As reported Sunday in the capital daily La Nacion, former DINA chief Contreras made his accusations in writing to Judge Claudio Pavez, who is investigating the 1992 assassination of Col. Gerardo Huber.
Contreras said that cocaine was manufactured in a chemical complex the army owned in the town of Talagante, some 40 kilometers (25 miles) southwest of Santiago, by chemist Eugenio Berrios, who also belonged to DINA and was murdered in Uruguay during the 1990s.
Pinochet’s younger son, Marco Antonio, and businessman Edgardo Bathich also participated in the drug preparation and trafficking plan, said Contreras, who is currently serving prison time for murder.
The person in charge of distributing the drug in the United States and other countries and later depositing the earnings into several of Pinochet’s foreign bank accounts was, Contreras said, Syrian Monser Al Kassar, who has also been linked with terrorism.
Contreras also said that Pinochet drew from army reserve funds to enrich himself, funneling cash from them into his personal accounts and keeping the interest earned.
The cocaine made by Berrios, Contreras said, was of the kind known as “black” or “Russian,” which is undetectable with the methods traditionally used by the police.
He also told the judge that he decided to collaborate in this matter due to the esteem in which he held Huber, whose killing has been linked to an arms smuggling deal to Croatia discovered at the beginning of the 1990s during the war in the Balkans.
Among the five other army officers linked to Huber’s murder are three retired generals, who are on trial for illicit, or criminal, association.
Berrios was killed in Uruguay, where he was taken clandestinely in 1991 when he was called to testify in the trial surrounding the assassination of former Foreign Minister Orlando Letelier.
On trial for that crime, a process being presided over by Judge Alejandro Madrid, are two retired Chilean army majors and three Uruguayan officers extradited to Chile in April.
Pinochet himself is being investigated, along with several relatives and old collaborators, by Judge Carlos Cerda, who is probing the origin of the fortune – currently calculated at more than $26 million – he amassed in secret foreign accounts.

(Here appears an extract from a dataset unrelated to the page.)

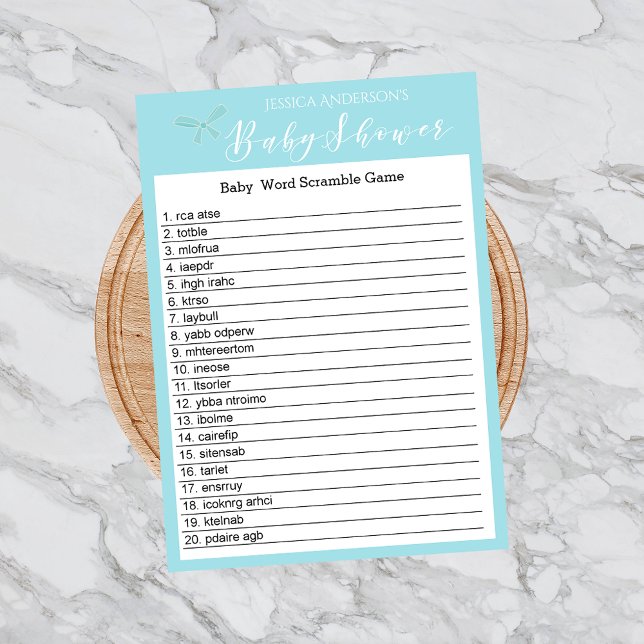 Jogo de palavras embaralhadas do chá de bebê Charm (Criador carregado)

Contreras, who has had public disagreements with his former superior officer, is serving a 12-year prison sentence for the disappearance of Miguel Angel Sandoval, and this is not the first time that he has linked Pinochet with drug trafficking, according to La Nacion.
In 1988, the former DINA chief, who was serving a seven-year prison sentence for Letelier’s murder, tried to negotiate his legal situation with the U.S. Embassy in Santiago.
In exchange for Washington’s disconnecting him from the former foreign minister’s car-bomb assassination, which also killed Letelier’s secretary Ronni Moffit, he offered to hand over information about the drug trafficking activities of Pinochet’s son and former Chilean army Maj. Armando Fernandez Larios.
Fernandez Larios deserted from the army in the 1980s and turned himself over to U.S. law enforcement authorities, who – in exchange for his collaboration on various matters – gave him a reduced sentence and offered to place him in the Witness Protection Program.
The former major did not accept the witness-protection offer, and has tried to live a low-profile life as manager of an auto body shop in Miami.
The attempt by Contreras to work out a deal with Washington, La Nacion reported, is contained in a U.S. State Department report dated Feb. 10, 1989, which was declassified in 1991.